• [What you should do]:
Please retype the records below exactly as they appear, leaving out every picture.

Dataset records:
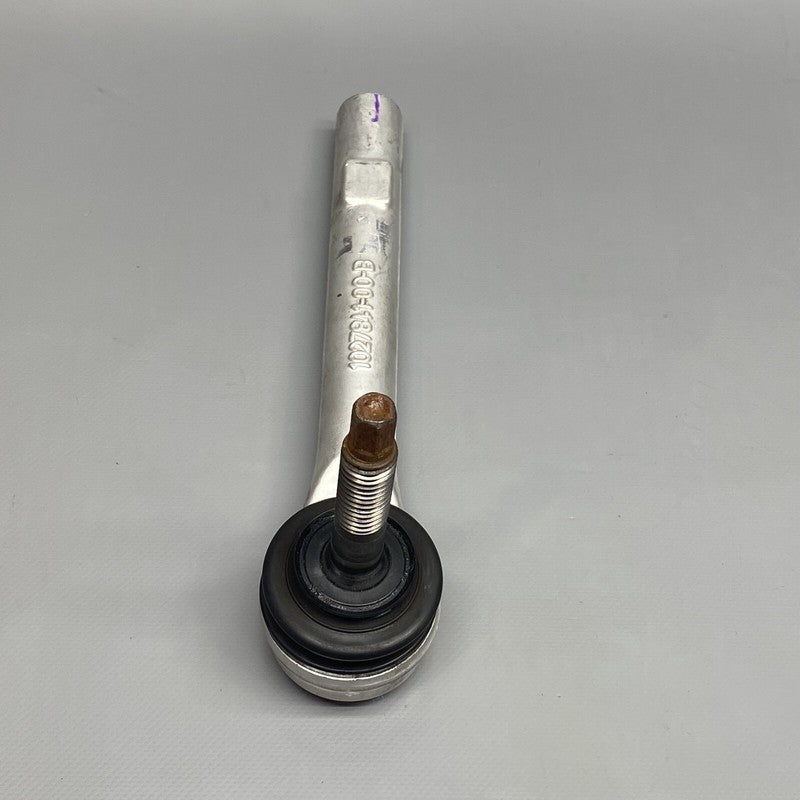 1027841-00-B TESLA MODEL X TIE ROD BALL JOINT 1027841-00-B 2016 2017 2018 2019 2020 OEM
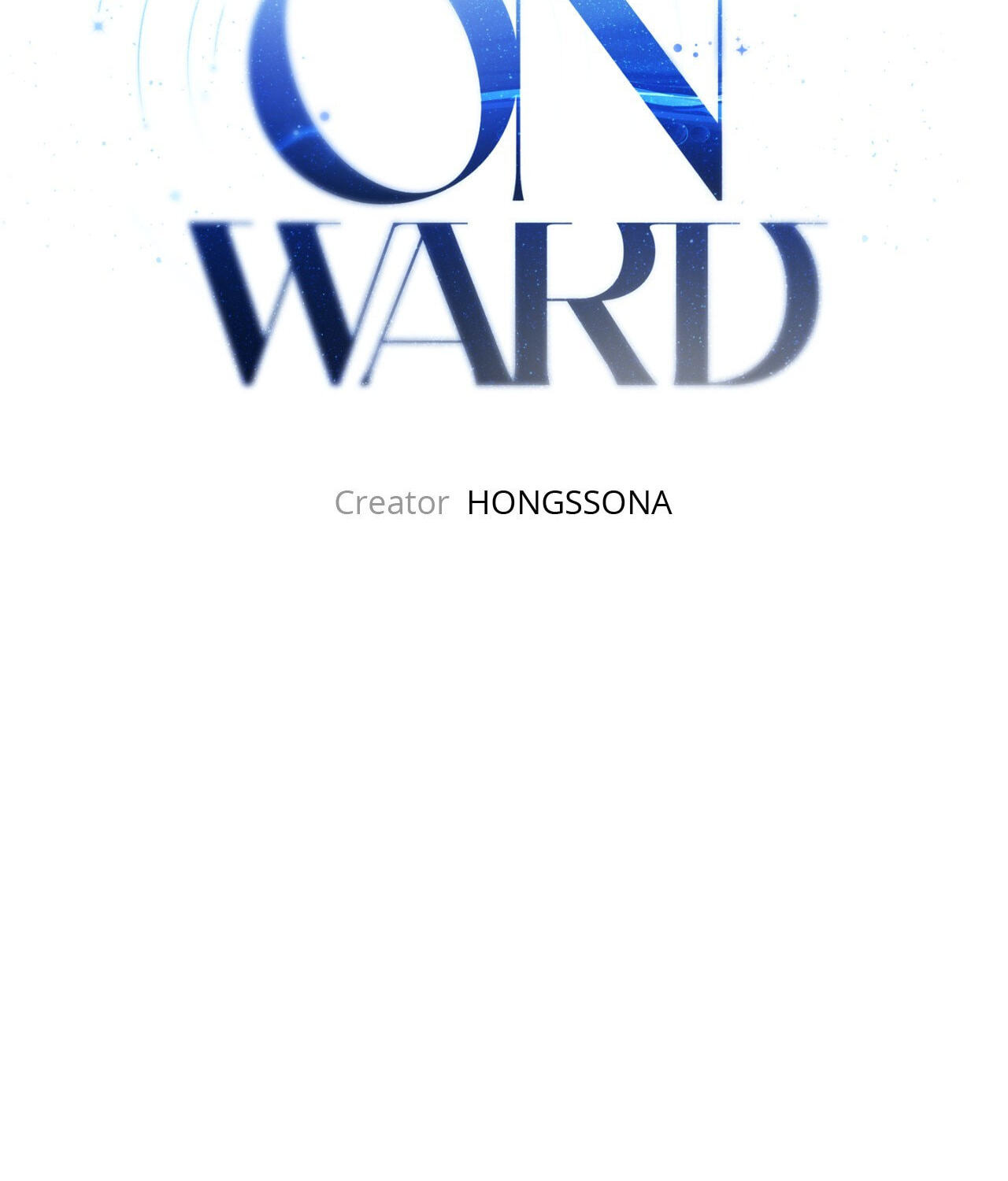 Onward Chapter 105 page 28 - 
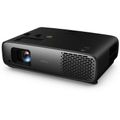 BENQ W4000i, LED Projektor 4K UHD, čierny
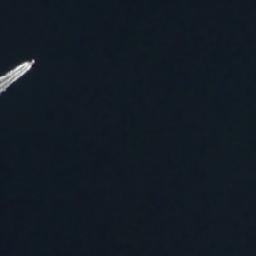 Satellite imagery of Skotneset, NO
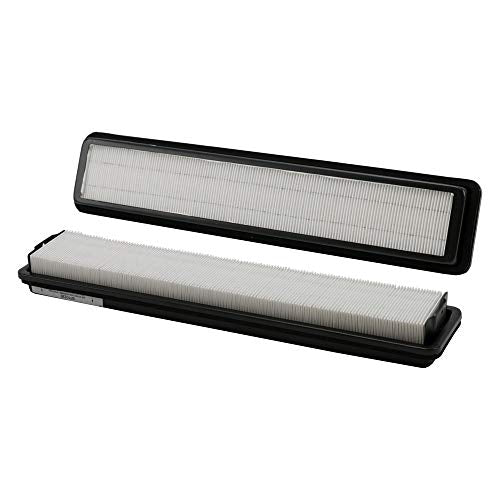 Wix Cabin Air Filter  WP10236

• [Written response]:
 1027841-00-B TESLA MODEL X TIE ROD BALL JOINT 1027841-00-B 2016 2017 2018 2019 2020 OEM
 Onward Chapter 105 page 28 - 
 BENQ W4000i, LED Projektor 4K UHD, čierny
 Satellite imagery of Skotneset, NO
 Wix Cabin Air Filter  WP10236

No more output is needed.